And here are the results:

| query                     |   dateutil | dateparser |
| ------------------------- | ---------- | ---------- |
| 2016/09/01                |          1 |          1 |
| 2016-09-01                |          1 |          1 |
| 09/01/2016                |          1 |          1 |
| 09-01-2016                |          1 |          1 |
| 09012016                  |          0 |          1 |
| 09/01/2016 15:20          |          1 |          1 |
| 09/01/2016 at 15h20       |          1 |          1 |
| 15 min ago                |          0 |          1 |
| two hours ago             |          0 |          1 |
| a day ago                 |          0 |          1 |
| tuesday                   |          0 |          1 |
| monday at noon            |          0 |          1 |
| ------------------------- | ---------- | ---------- |
| total (12)                |          6 |         12 |

If my test data set is relevant with what we expect from Watson's date parser, my conclusion is that we must use dateparser. WDYT?

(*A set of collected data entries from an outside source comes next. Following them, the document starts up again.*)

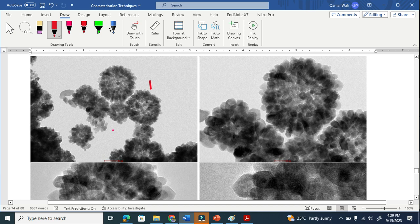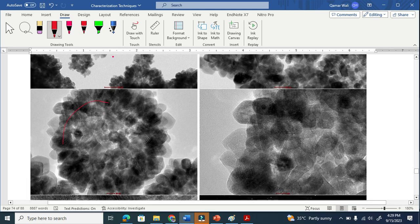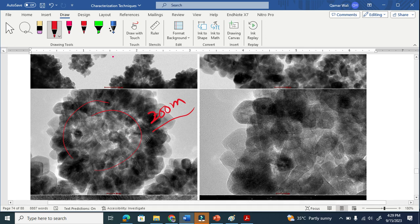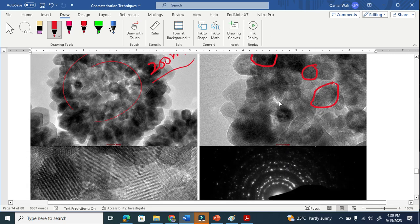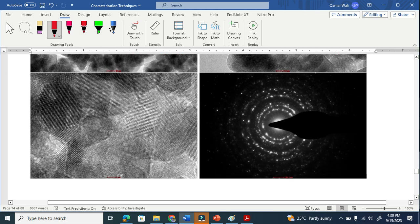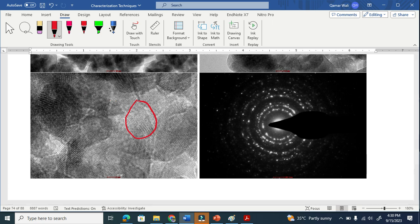This is the TEM image of nanoparticles. This image is basically a low magnification. When we increase the magnification, we get this image here. Further magnification gives us this image here. So magnification basically means zoom — the way we zoom an image or picture with a camera. When we further magnify, we get this shape — this is basically a grain. You can see one grain here, another grain here, and another grain here.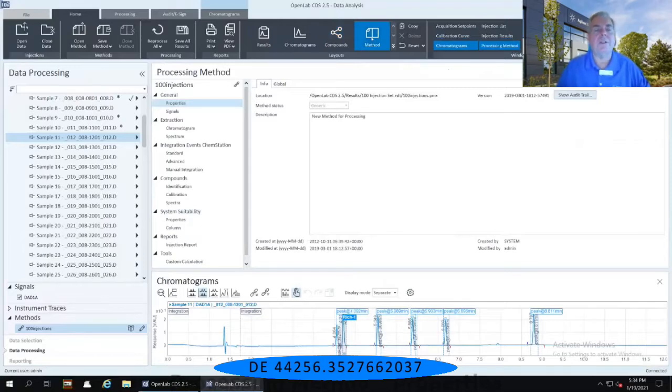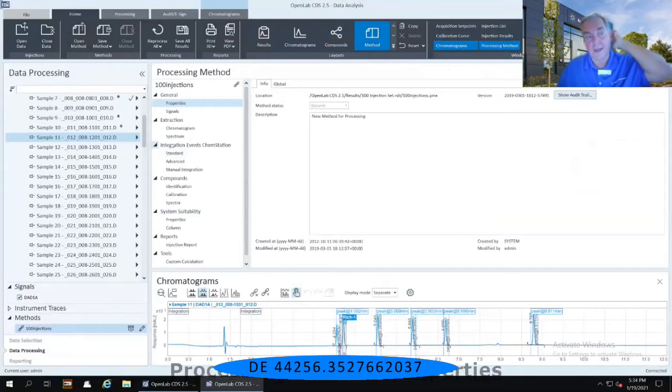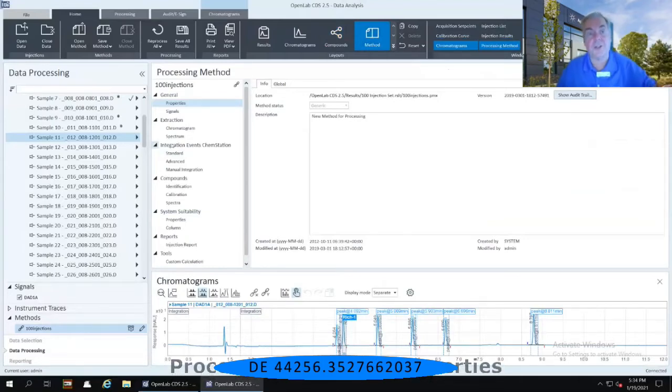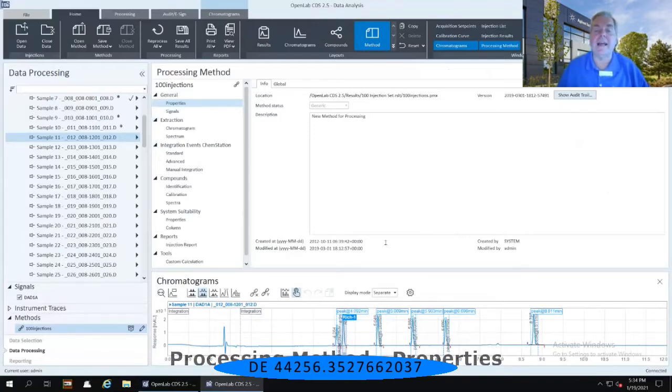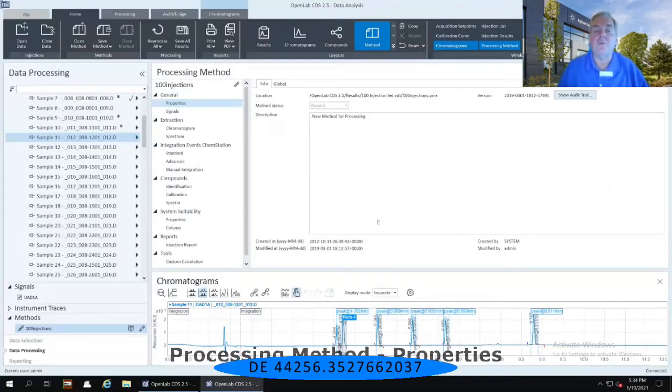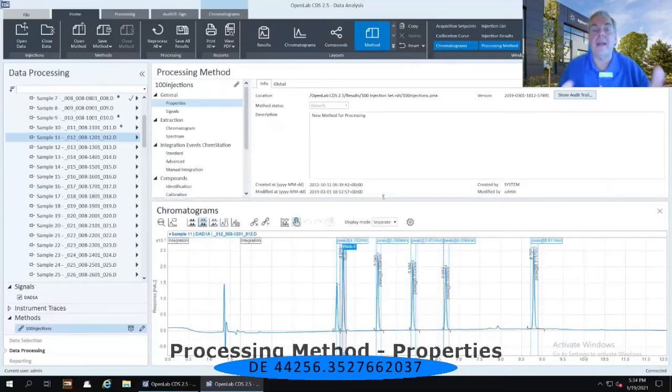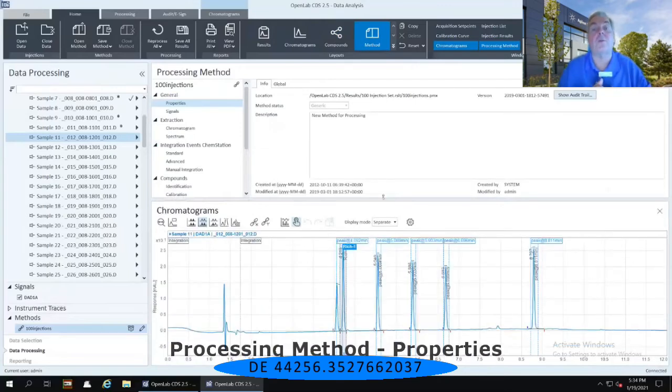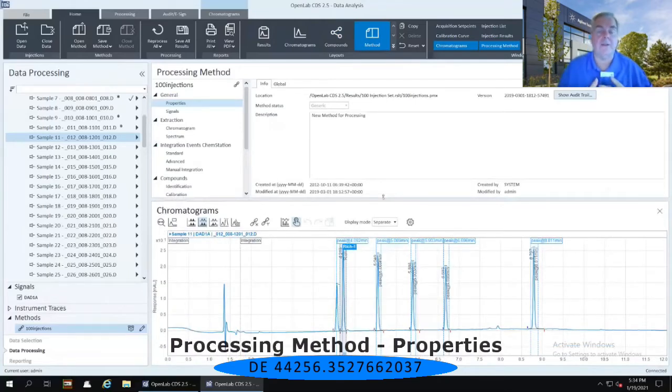Now, you'll notice that on the left-hand side, again, we still continue to have the data processing and then all of the list of injections. Then in the right-hand panel, we've got the processing method, and then down below on the right-hand panel, we have a window for the chromatogram that's currently highlighted on the left.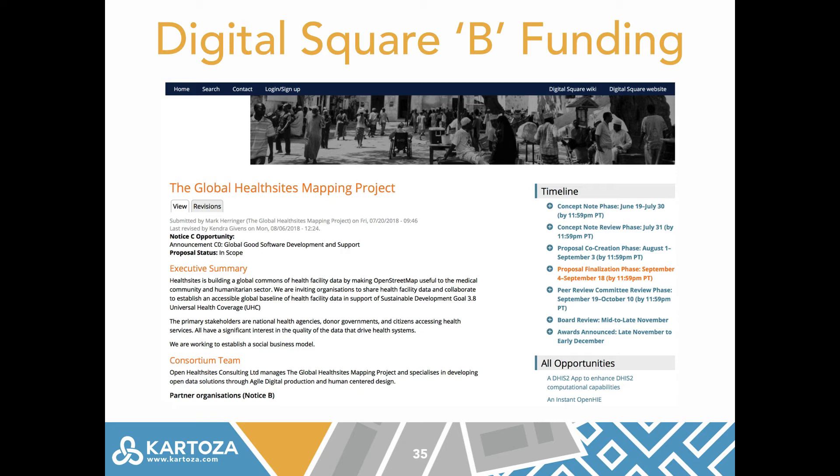They're also working on new improvements to support mapping in the field using mobile devices, so that we can capture HealthSites from the field and have them pushed into the platform automatically.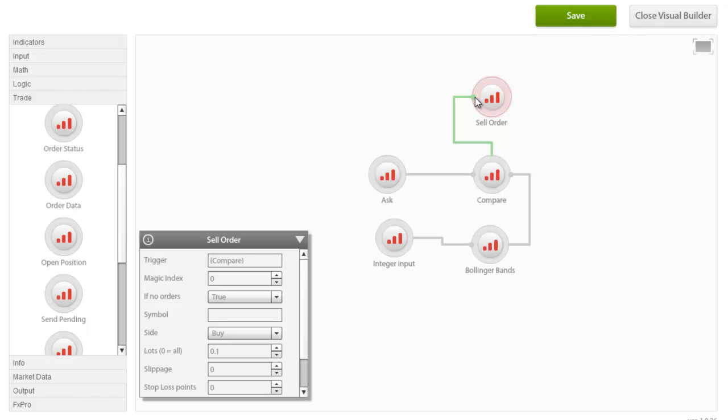Connectors that originate from logic and trade nodes appear in green, indicating the positive association with the condition set. In this case, for example, the sell order will be executed only if the condition set is met. FXProQuant also allows us to use nodes as triggers in the event that the reverse output is true. That is, a node can still act as a system trigger, but only if the condition set is not met.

jmaupetit avatar Oct 06 '16 15:10 jmaupetit

My attitude would be to first hit the big easy ones with a quick lookup, then find a more thorough NLP/18ln approach.

ie today -> datetime.datetime.today().strftime('%Y-%m-%d')

The big easy:

  • today
  • yesterday
  • week

whilei avatar Feb 04 '17 10:02 whilei

Just found Watson and trying out instead of timewarrior. This is a big pain point for me right now. Adding or editing past items is quite annoying with required YYYY-MM-DD HH:mm format.

@davidag Is what is discussed in this thread, e.g. shortcuts for today and yesterday being addressed in #328?

jessebett avatar Oct 22 '19 16:10 jessebett

@jessebett Humanized dates are not supported in #328, but adding by time is (e.g. watson add -f 10:00 -t 11:00).

I'd planned to improve date inputting, but Watson's development is a bit stagnated lately, so I'm looking for alternatives.

davidag avatar Oct 22 '19 18:10 davidag

Thank you for hacking on watson, I'm a daily user and find it really useful!

The ability to adjust the date formatting for the add command would make usability even better for me (for me German dates like 04.02.2022 feel most natural)

Is there anything I can do to help push this forward? I could test and know how to read code, but haven't written much python code myself yet.

teutat3s avatar Feb 04 '22 11:02 teutat3s